▸ THE DATA
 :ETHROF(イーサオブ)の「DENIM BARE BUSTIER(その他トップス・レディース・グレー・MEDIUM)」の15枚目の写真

---

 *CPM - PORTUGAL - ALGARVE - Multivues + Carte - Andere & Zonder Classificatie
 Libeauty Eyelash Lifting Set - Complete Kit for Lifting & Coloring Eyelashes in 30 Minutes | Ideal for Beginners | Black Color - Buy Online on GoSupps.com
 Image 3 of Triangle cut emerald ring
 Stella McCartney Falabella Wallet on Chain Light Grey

---

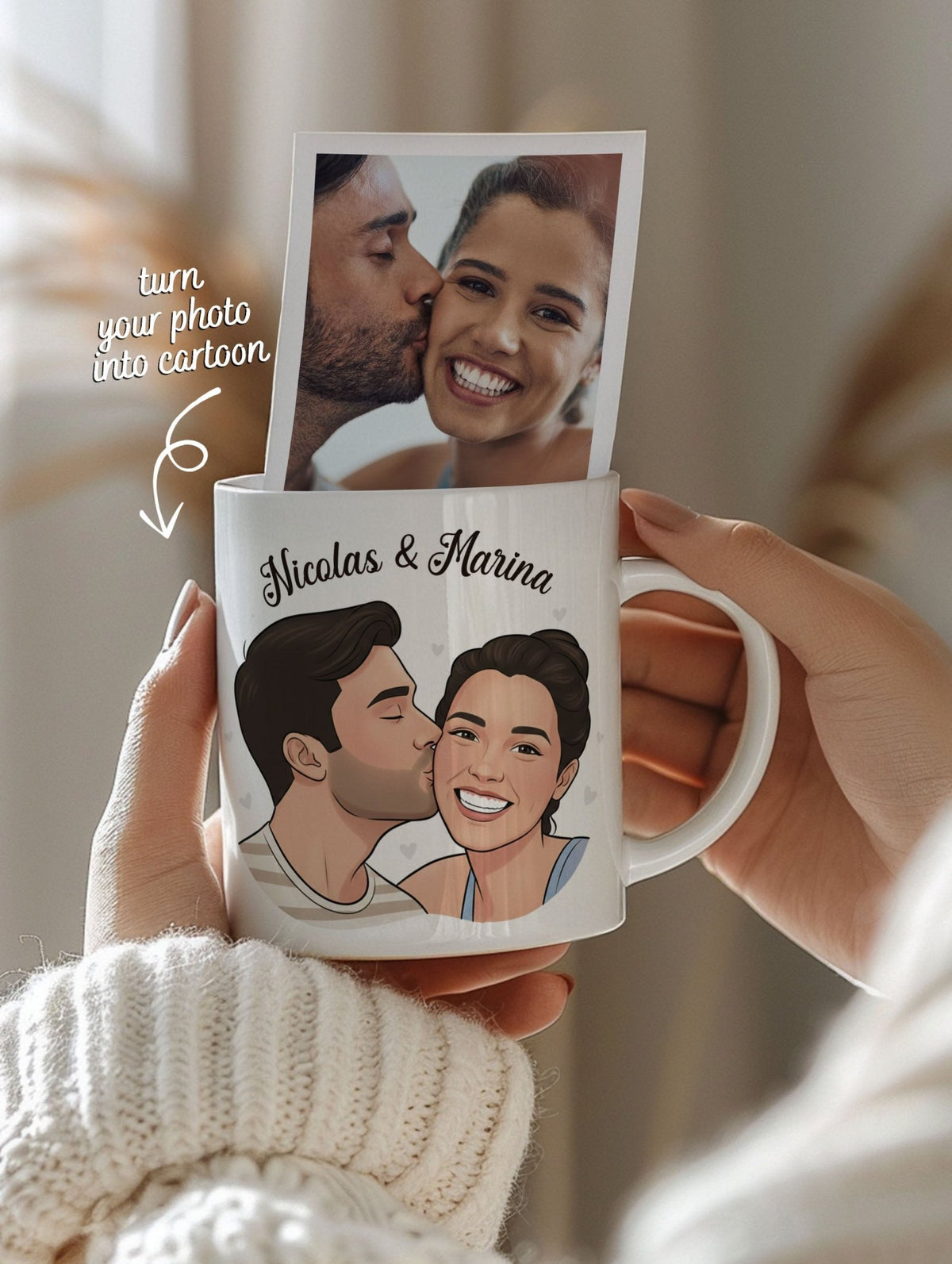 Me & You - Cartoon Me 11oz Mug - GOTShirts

▸ THE TASK
Would you copy, unchanged, the stretch of the records above that begins at the line containing "Libeauty Eyelash Lifting" and ends at the line containing "Stella McCartney Falabella", and only that?

▸ TASK SOLUTION
 Libeauty Eyelash Lifting Set - Complete Kit for Lifting & Coloring Eyelashes in 30 Minutes | Ideal for Beginners | Black Color - Buy Online on GoSupps.com
 Image 3 of Triangle cut emerald ring
 Stella McCartney Falabella Wallet on Chain Light Grey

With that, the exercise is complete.